Spin-lattice relaxation in 13CH3 compounds: application to 13C enriched aspirin

Abstract

Spin-lattice relaxation processes in 13CH3 groups in methyl compounds are studied both theoretically and experimentally. The four spin-½ nuclei in such methyl groups give rise to 16 spin-rotational states, which are split by rotational tunnelling. From the corresponding populations (15 independent) five long lived combinations are formed: the 13C magnetization M C, proton magnetization M H, tunnelling energy TE, rotational polarization RP and dipolar energy DE. Their spin-lattice relaxation via the transitions induced by the 13C-proton dipolar interaction is studied in detail. Direct relaxation rates and coupling terms between these combinations are derived. Predictions are compared with experimental data for 13C spin-lattice relaxation at 75.4 MHz in 99% enriched (only methyl carbons enriched) single crystal of aspirin.

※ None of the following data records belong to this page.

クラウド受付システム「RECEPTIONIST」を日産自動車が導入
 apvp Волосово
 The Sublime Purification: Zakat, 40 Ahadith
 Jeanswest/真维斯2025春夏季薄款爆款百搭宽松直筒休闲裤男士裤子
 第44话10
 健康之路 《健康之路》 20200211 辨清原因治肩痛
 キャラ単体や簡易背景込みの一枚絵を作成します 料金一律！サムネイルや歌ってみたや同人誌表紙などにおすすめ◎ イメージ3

Above 40 K, the M C recovery is exponential and describable in terms of the direct relaxation transitions without couplings. The same is true for the initial relaxation in the region of non-exponential relaxation between 30 K and 40 K. The orientation dependence of the initial relaxation rate agrees with the theoretical calculations. The non-exponentiality is related to resonant level-crossing transitions with ωt, + ωC = ωH, where the angular frequencies represent rotational tunnelling and carbon and proton resonances, respectively. The resonant transitions produce couplings between M C, M H and TE that are described quite accurately by the present model.